Recorded data:
*** Begin section ***

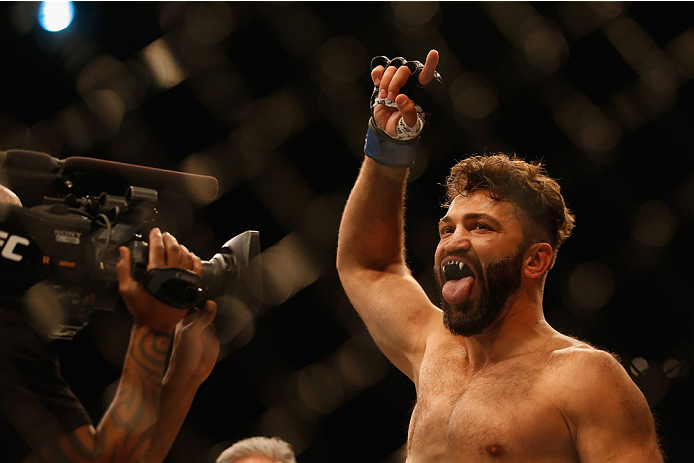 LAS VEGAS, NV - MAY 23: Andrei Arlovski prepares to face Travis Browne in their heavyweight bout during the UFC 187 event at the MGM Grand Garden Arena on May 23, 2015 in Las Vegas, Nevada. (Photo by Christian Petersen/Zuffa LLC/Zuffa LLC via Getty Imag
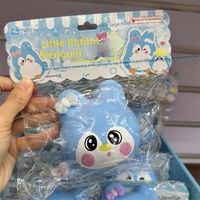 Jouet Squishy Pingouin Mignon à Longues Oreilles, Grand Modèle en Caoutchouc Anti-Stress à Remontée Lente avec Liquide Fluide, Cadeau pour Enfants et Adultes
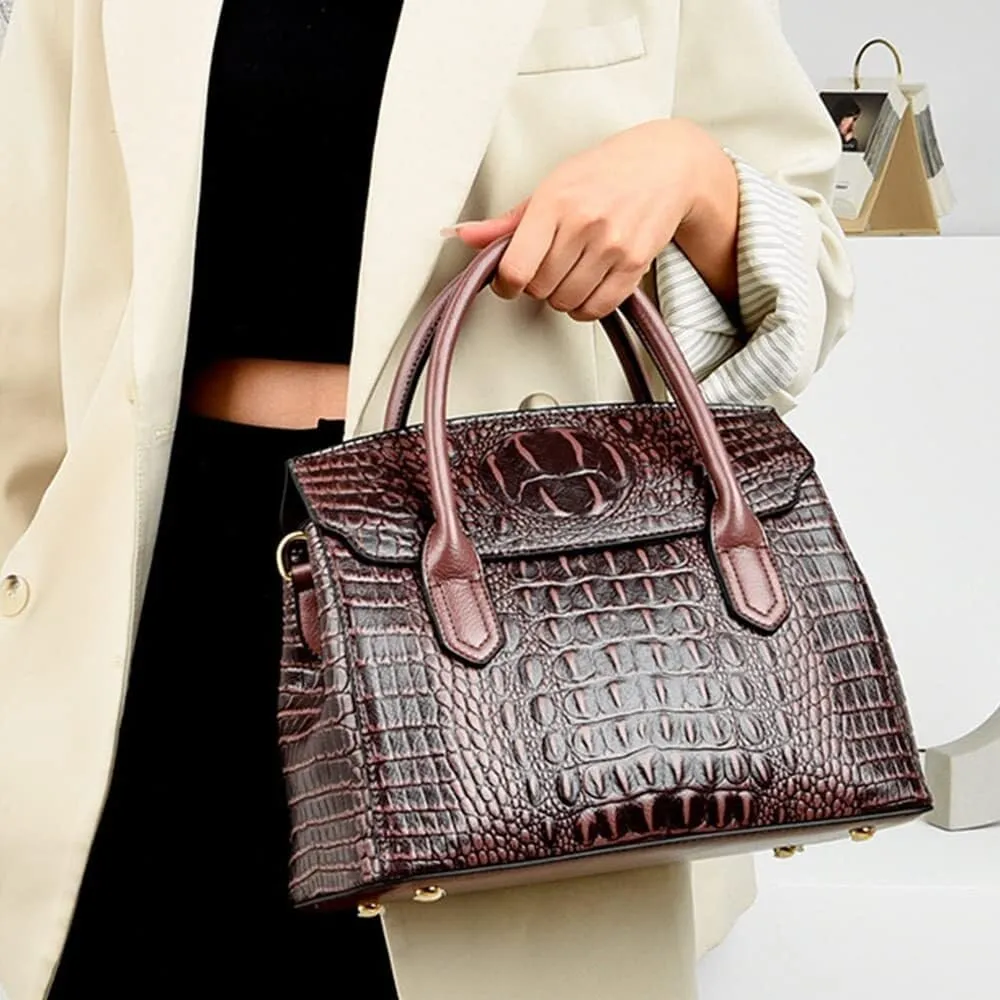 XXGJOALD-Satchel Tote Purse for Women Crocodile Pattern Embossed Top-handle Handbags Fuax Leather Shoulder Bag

*** End section ***

What to do: Once the pictures are set aside, give the rest of the listing again exactly.

Response:
 LAS VEGAS, NV - MAY 23: Andrei Arlovski prepares to face Travis Browne in their heavyweight bout during the UFC 187 event at the MGM Grand Garden Arena on May 23, 2015 in Las Vegas, Nevada. (Photo by Christian Petersen/Zuffa LLC/Zuffa LLC via Getty Imag
 Jouet Squishy Pingouin Mignon à Longues Oreilles, Grand Modèle en Caoutchouc Anti-Stress à Remontée Lente avec Liquide Fluide, Cadeau pour Enfants et Adultes
 XXGJOALD-Satchel Tote Purse for Women Crocodile Pattern Embossed Top-handle Handbags Fuax Leather Shoulder Bag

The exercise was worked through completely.